We are a week away from one of two possible national futures: either a return to American no-nonsense sanity, or World War 3. The choice is ours, as they say.

Or is it? Will we actually have a free election?

At a Crossroads

We’re standing at a crossroads as a nation.

What is evident to most fair-minded people is that the criminal conspiracy of massive voter fraud—which is being carried out as we speak—is so endemic to the left that either we need an overwhelming landslide to overcome it, or we need a miracle.

The former I’m not so sure about. Since the left has been demonically proficient in blunting red tsunamis by wholescale theft of elections (as evidenced in 2020 and 2024), so I’m really only hoping for the latter: that is, we need a miracle.

If it is not evident to you yet, the entire establishment in all branches of government is stacked against free elections. A judge in Georgia, for instance, just ruled that the officials MUST certify the election, even if there are serious and credible evidence of voter fraud.
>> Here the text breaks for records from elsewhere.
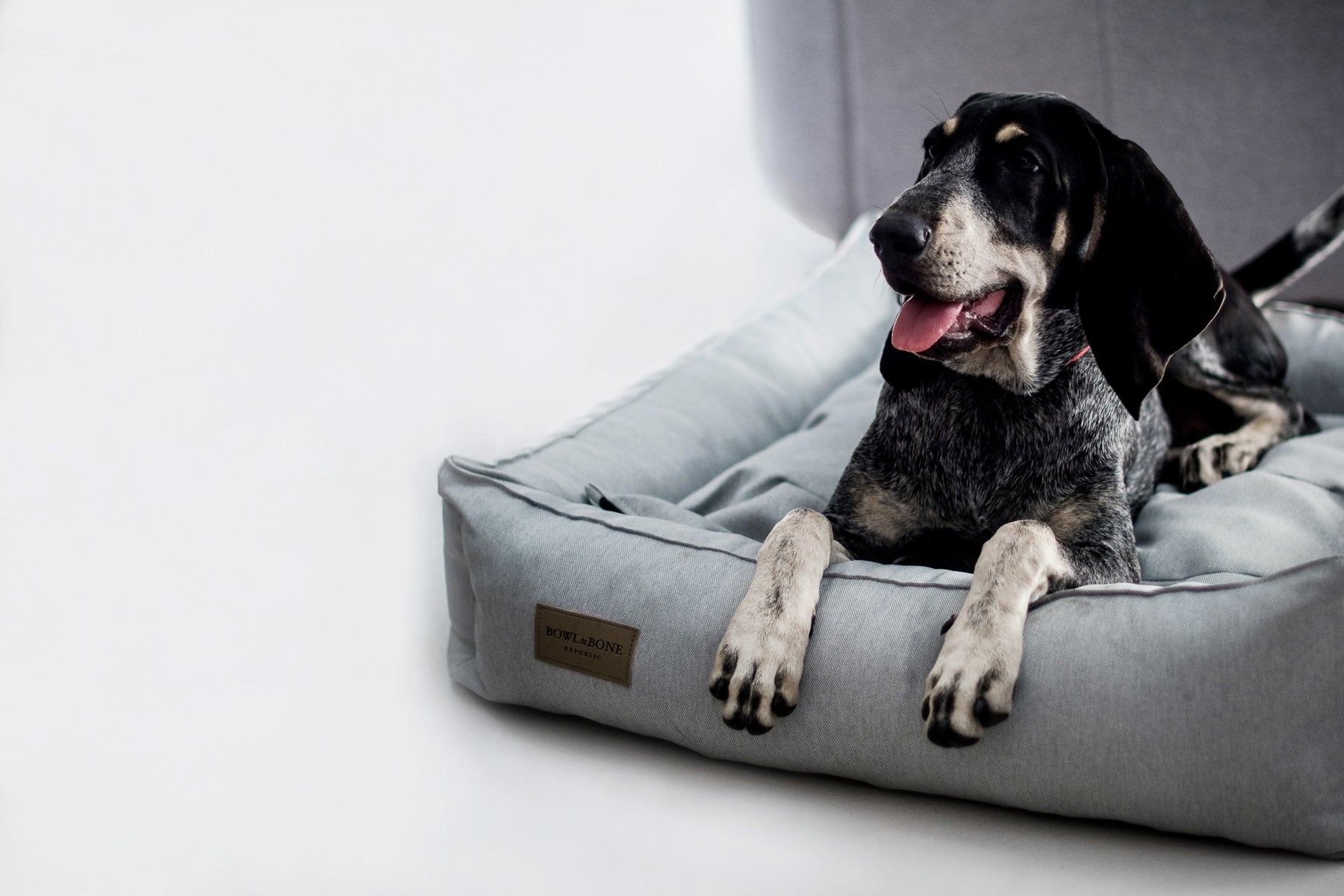 Urban Dog Bed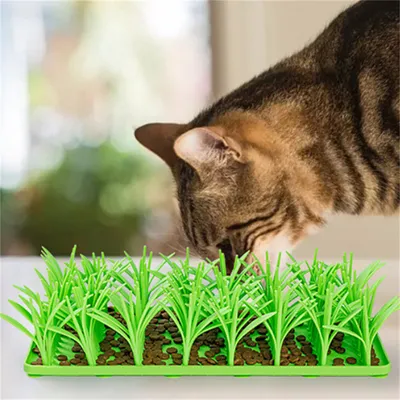 Pet Planet Alfombra de hierba Slow Food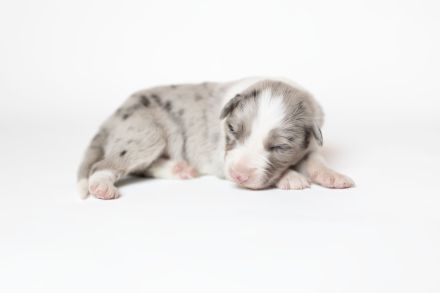 Border Collie Welpen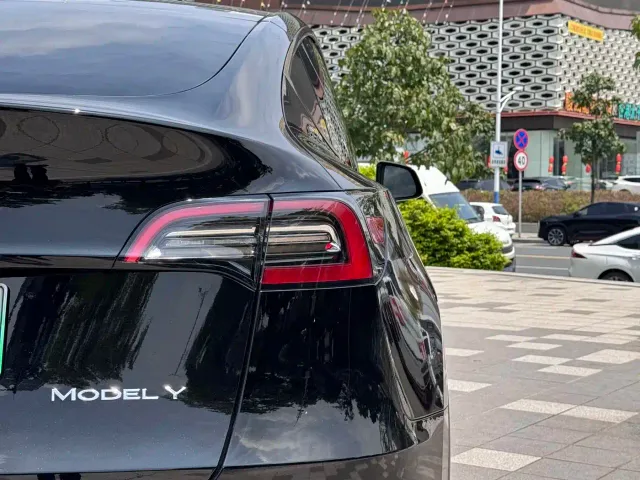 Tesla Model Y — Фото автомобиля 13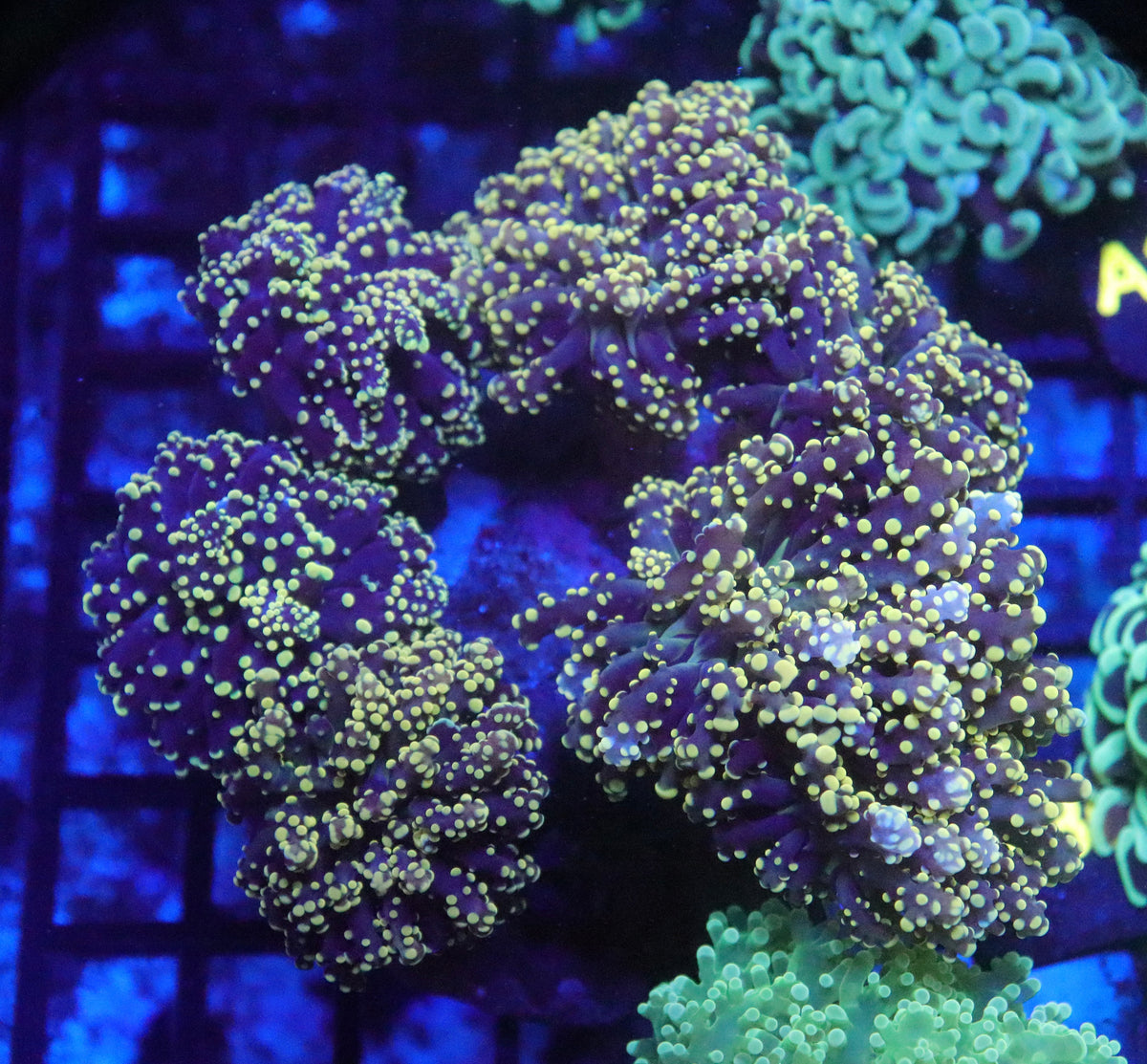 Branching Frogspawn Colony (8 Heads) (A36)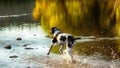 Dog english pointer Royalty Free Stock Photo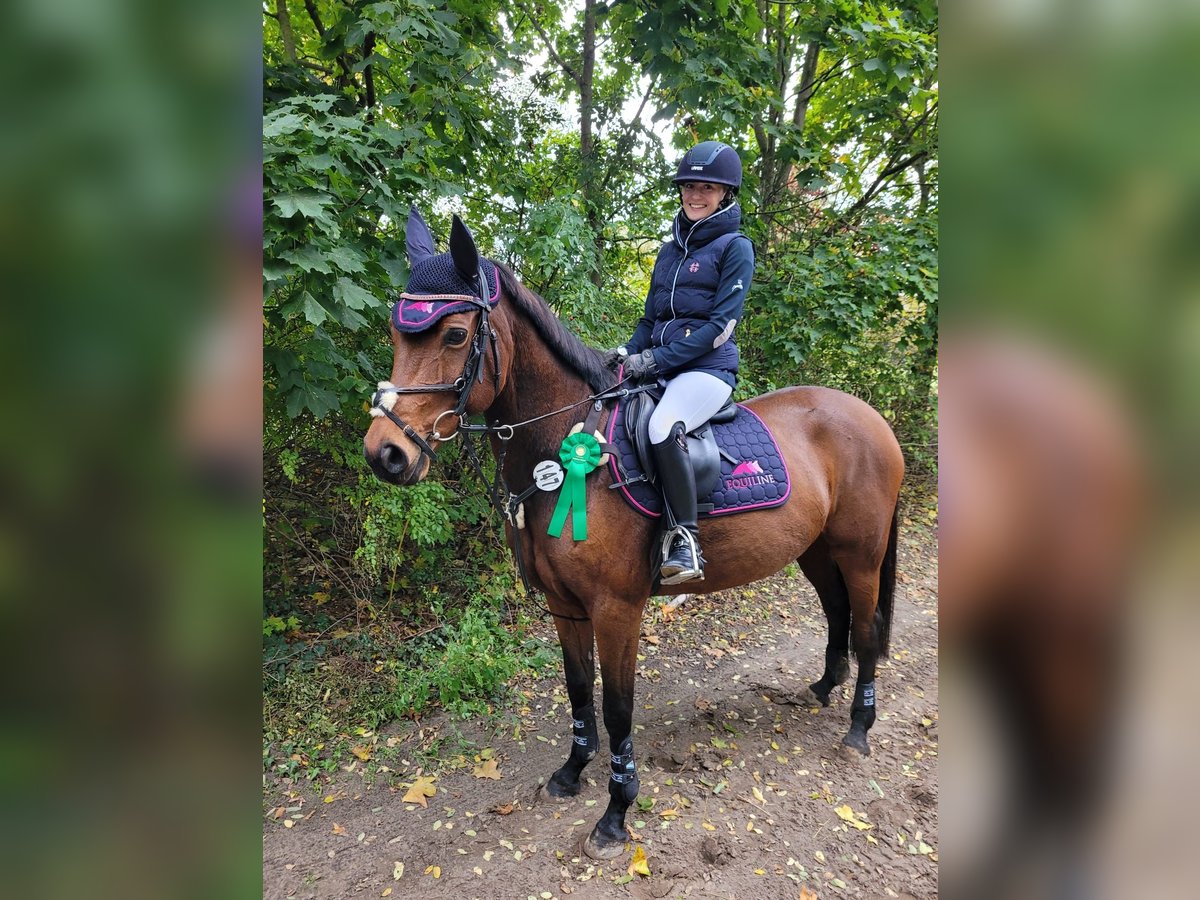 Other Breeds Mare 13 years 14,3 hh Brown in Brieselang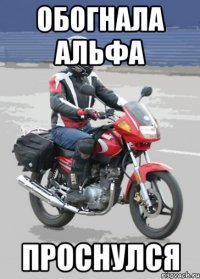 обогнала альфа проснулся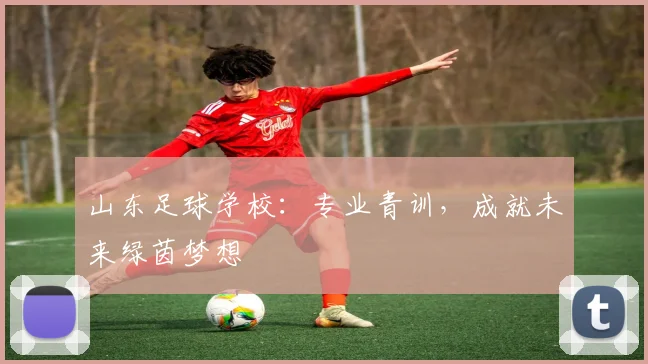 山东足球学校：专业青训，成就未来绿茵梦想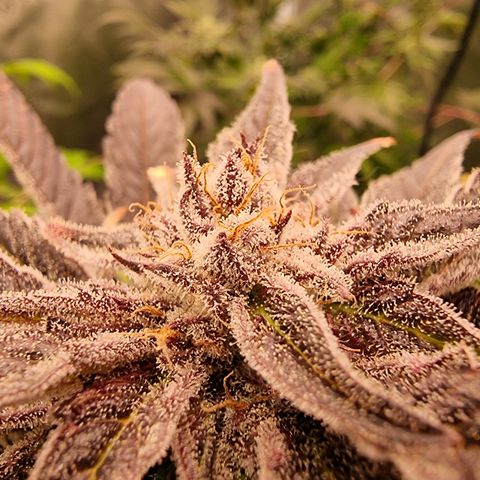 🌹 growlog timeline photo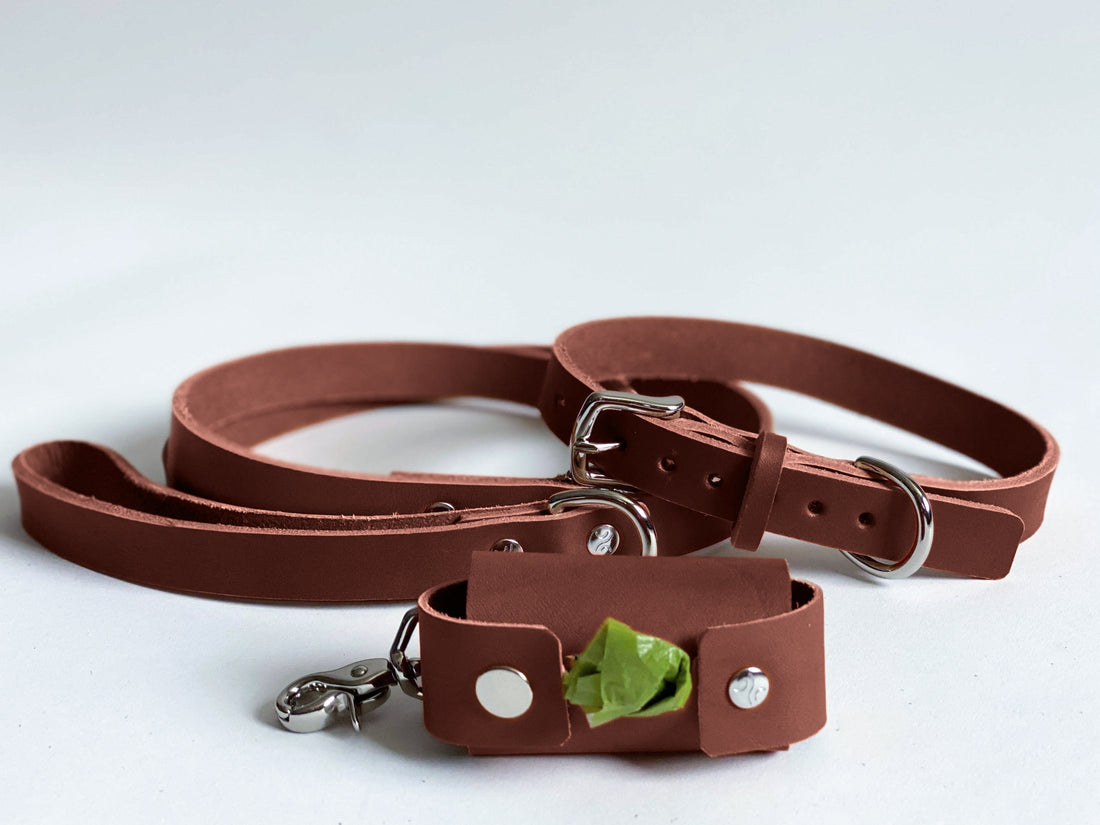 Personalized Leather Dog Waste Bag Holder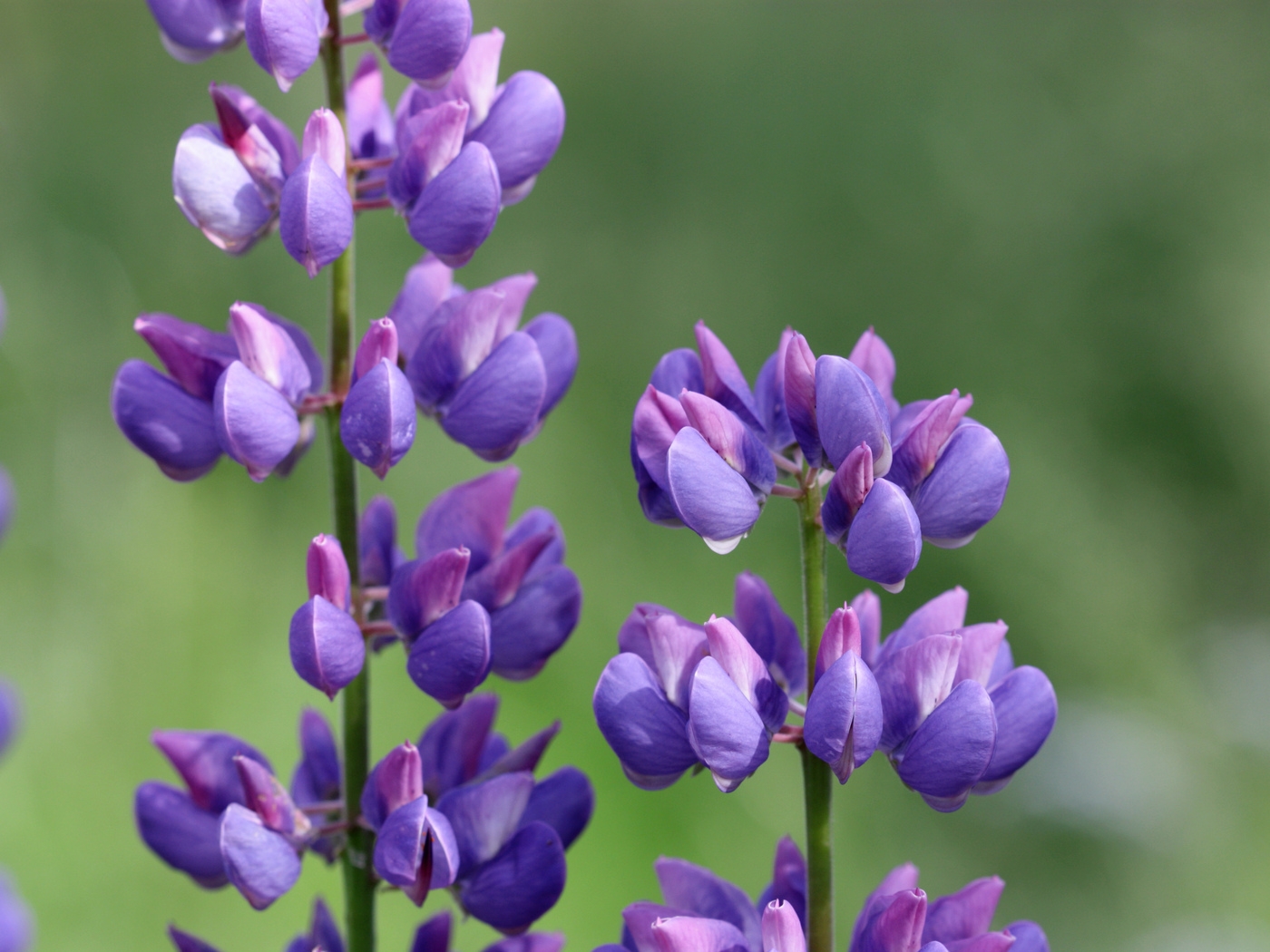 Природа, пейзаж Цветы flowers, nature, wallpaper 283 красивые обои рабочий стол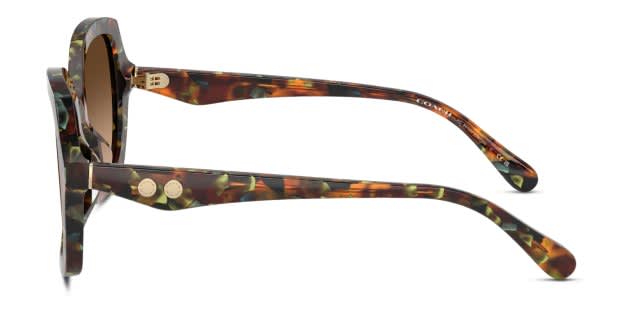 Coach HC8410U Tortoise, Green frame with brown gradient  display picture 1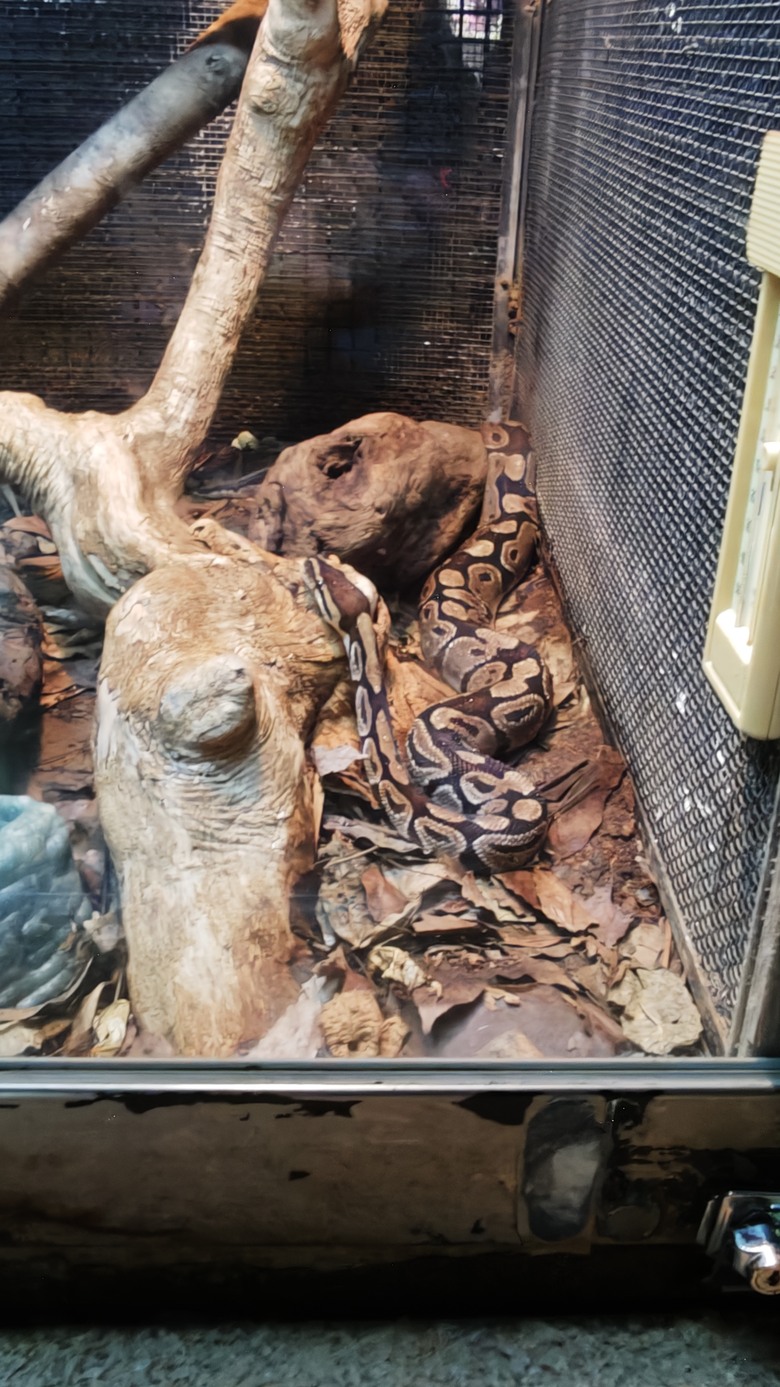 另類的父親節 - 台北市立動物園 "夜之動物園" 遊記分享~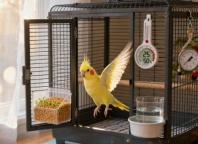 西安鹦鹉更换清洁饮水并清洗食具鸟笼清洁更换底砂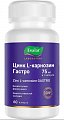 Купить цинк l-карнозин гастро, капсулы 60 шт бад в Кстово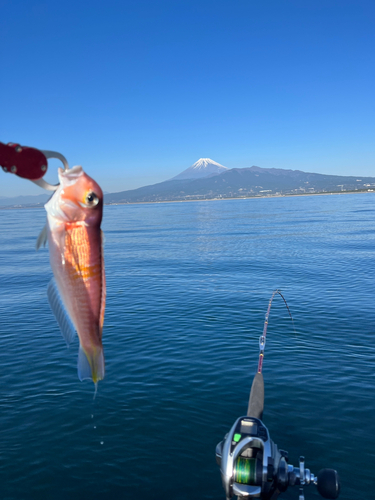 アマダイの釣果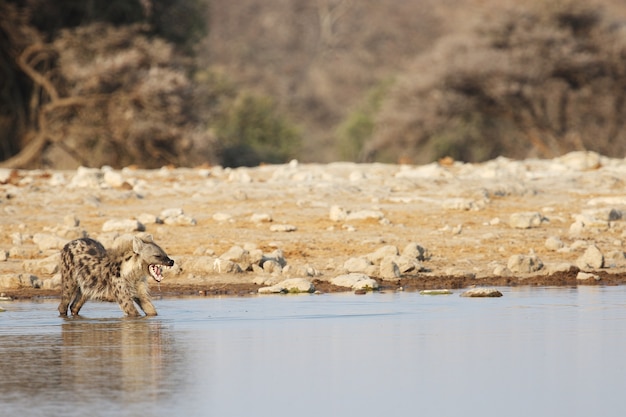 Bezpłatne zdjęcie panoramiczne ujęcie hieny rozciągającej się w wodopoju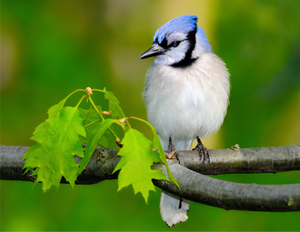 jay_photo.png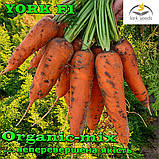 Надпотужний гібрид моркви Йорк F1/ York F1 від ТМ Lark Seeds (США), 25 000 насіння, фракція 1,8-2,0 мм, фото 4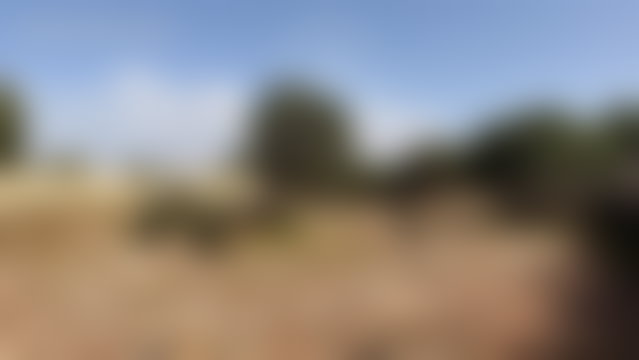 أرض استثمارية 1000 م² للبيع بحي غزوة في الصويرة — 4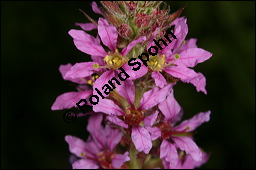 Blut-Weiderich und Echtes Mädesüß, Lythrum salicaria und Filipendula ulmaria, Lythraceae, Lythrum salicaria, Blut-Weiderich, Habitat, mit Echtem Mädesüß Kauf von 00724lythrum_salicariaimg_8567.jpg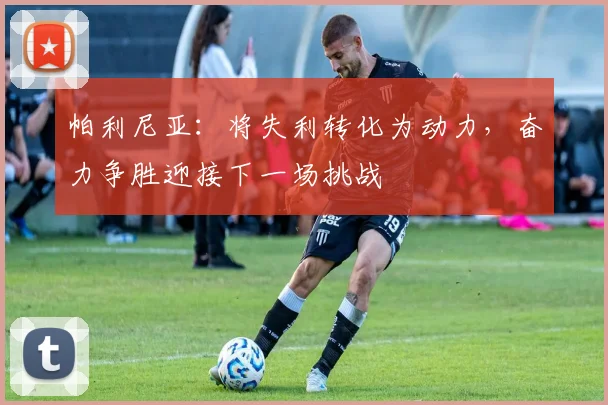 帕利尼亚：将失利转化为动力，奋力争胜迎接下一场挑战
This was in Fulton County (Atlanta), the very epicenter of voter fraud in the last election.

You may have a different view of things, and that’s entirely fine, but I try to see very real existential threats to our nation for what they are, and neither polls, nor rallies, nor debates impress me much.

Votes impress me. And vote counting terrifies me.

So we pray for divine intervention. That is the whole purpose of the One Our Father prayer campaign. We pray and beg God to come to our aid in the most critical moment in our country’s history. I truly believe that only God can save us, and we must turn to Him now with ever greater fervor.

The Prayer of Azariah

Thankfully, we have a very good precedent in how to pray at moments like this. It can be found in Chapter 3 of the Book of Daniel when the three righteous Israelites had been thrown into the furnace of Babylon’s King Nebuchadnezzar. It is called the Prayer of Azariah, who uttered it in the midst of the flames.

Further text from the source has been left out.